A real-time HUD (heads-up display) for OpenClaw power users
Claw HUD has been released as a real-time heads-up display for OpenClaw power users, offering live monitoring of critical gateway metrics. This new tool provides a comprehensive, at-a-glance overview of an OpenClaw instance's operational state, including active sessions, loaded skills, agent context usage, network traffic, scheduled cron jobs, overall gateway health, and associated costs. It addresses a key need for enhanced visibility into the dynamic processes of an agentic AI system.
Technically, Claw HUD operates as a read-only observer, connecting to the OpenClaw gateway via its WebSocket protocol v3. It offers both a terminal user interface (TUI) built with Ink and React, and a web dashboard powered by Next.js and Tailwind, receiving live updates via Server-Sent Events (SSE). The tool meticulously adheres to the OpenClaw gateway's strict client schema, declaring itself as `openclaw-control-ui` with `client.mode: ui`, and leverages existing device identity files for authentication. This design ensures seamless integration and secure monitoring within the OpenClaw environment.

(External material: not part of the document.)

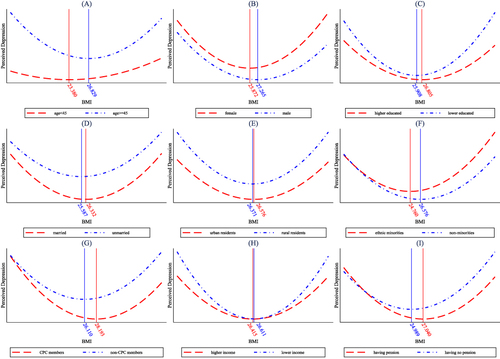 Figure 4 Heterogeneities in the nonlinear relationship between body mass index and perceived depression. (A) Age heterogeneity: relationship between BMI and perceived depression among individuals under 45 years old and those with 45 years or older. (B) Gender heterogeneity: relationship between BMI and perceived depression among females and males. (C) Education heterogeneity: relationship between BMI and perceived depression among individuals with higher education level (having bachelor’s degree and above) and those with lower education level (having no bachelor’s degree and above). (D) Marital status heterogeneity: relationship between BMI and perceived depression among married and unmarried individuals. (E) Regional heterogeneity: relationship between BMI and perceived depression among urban and rural residents. (F) Ethnicity heterogeneity: relationship between BMI and perceived depression among ethnic minorities and non-minorities. (G) Political identity heterogeneity: relationship between BMI and perceived depression among CPC members and non-CPC individuals. (H) Labor income heterogeneity: relationship between BMI and perceived depression among individuals with labor income below the median and their counterparts. (I) Social security heterogeneity: relationship between BMI and perceived depression among individuals having pension and those without pension.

This release significantly enhances the operational transparency for OpenClaw deployments, providing a crucial observability layer previously unavailable. By offering real-time insights into agent sessions, resource consumption, and gateway performance, Claw HUD empowers developers to debug complex multi-agent systems more effectively and optimize resource allocation. It bridges a gap in the OpenClaw ecosystem, moving beyond basic CLI interactions to offer a persistent, dynamic view of agentic activity, which is vital for robust agent development and deployment.
This signal is particularly strong for OpenClaw developers and operators who manage active agent deployments. Developers will find it invaluable for debugging agent behavior, understanding skill invocation patterns, and monitoring context window usage in real-time. Operators can leverage the HUD for proactive monitoring of gateway health, traffic, and cost, ensuring stable and efficient operation of their agent infrastructure. Researchers exploring agentic AI will also benefit from the live insights into agent execution dynamics, aiding in the analysis of complex agent interactions.